Bundesverteidigungsminister Boris Pistorius (SPD) hält das Sondervermögen von 100 Milliarden Euro für die Bundeswehr für zu klein. „Die 100 Milliarden werden nicht reichen“, sagte er der „Süddeutschen Zeitung“. „Wir haben mit jedem neuen System auch neue Unterhaltungskosten. Mit jedem neuen Gerät entstehen also neue und höhere laufende Kosten.“

 

Das Sondervermögen war im vergangenen Jahr nach Beginn des russischen Angriffskriegs auf die Ukraine eingerichtet worden. Es soll eine bessere Ausstattung der deutschen Armee ermöglichen. Im vergangenen Jahr flossen noch keine Mittel aus dem Sondervermögen ab; es wurden lediglich Verträge mit Rüstungsfirmen im Volumen von gut zehn Milliarden geschlossen. Die Wehrbeauftragte des Bundestags, Eva Högl (SPD), hatte kürzlich eine Aufstockung des Sondervermögens auf 300 Milliarden Euro ins Gespräch gebracht.

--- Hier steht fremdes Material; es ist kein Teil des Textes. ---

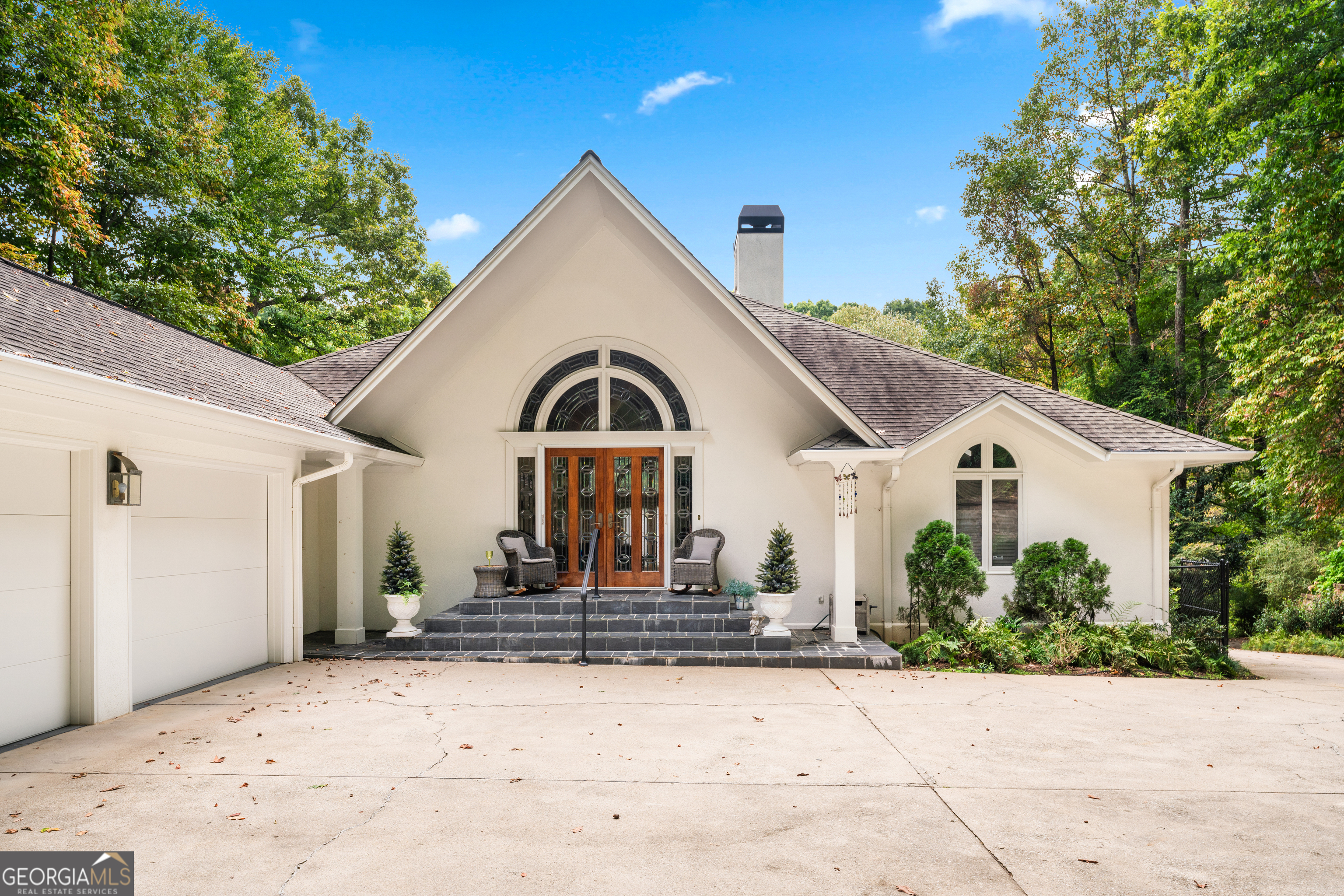 955 E Lake DR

Der reguläre Verteidigungsetat ist Pistorius mit aktuell rund 50 Milliarden Euro im Jahr ebenfalls zu klein. „Ich gehe nicht davon aus, dass das reicht“, sagte er.

„Nicht jeder muss jedes Waffensystem entwickeln“

Die Bundeswehr brauche auch wegen der Lieferung von Militärgerät an die Ukraine dringend Nachschub. „Panzer stehen nicht irgendwo im Regal zum Mitnehmen“, gab Pistorius zu bedenken. „Die haben eine Lieferzeit, und das sind nicht drei Wochen. Und Munition wächst nicht auf Bäumen und will nur gepflückt werden.“ Deutschland werde kurzfristig nicht in der Lage sein, den Bedarf zu decken.

„Mittel- und langfristig müssen wir in Europa eine Rüstungsindustrie aufbauen, die das kann“, forderte Pistorius. „Nicht jeder muss jedes Waffensystem entwickeln. Und wir sollten zu standardisierten Waffensystemen kommen in Europa.“ Der Minister kündigte enge Absprachen mit der Industrie an, um Produktionskapazitäten auszuweiten und Lieferungen zu beschleunigen. Für die kommende Woche plane er entsprechende Gespräche. 

In dem Zeitungsinterview äußerte sich Pistorius auch zum Aussetzen der Wehrpflicht seit dem Jahr 2011. „Wenn Sie mich als Zivilisten fragen, als Staatsbürger, als Politiker, würde ich sagen: Es war ein Fehler, die Wehrpflicht auszusetzen.“

Die Wehrpflicht sei unter anderem wichtig gewesen, um in der Gesellschaft einen stärkeren Bezug zur Bundeswehr zu haben. „Früher saßen an jedem zweiten Küchentisch Wehrpflichtige“, sagte Pistorius. „Auch dadurch gab es immer eine Verbindung zur Zivilgesellschaft.“ Es gelte nun, die Bundeswehr „erstmal so attraktiv machen, dass sich gute junge Leute für sie interessieren und sich bewerben“, sagte der Verteidigungsminister.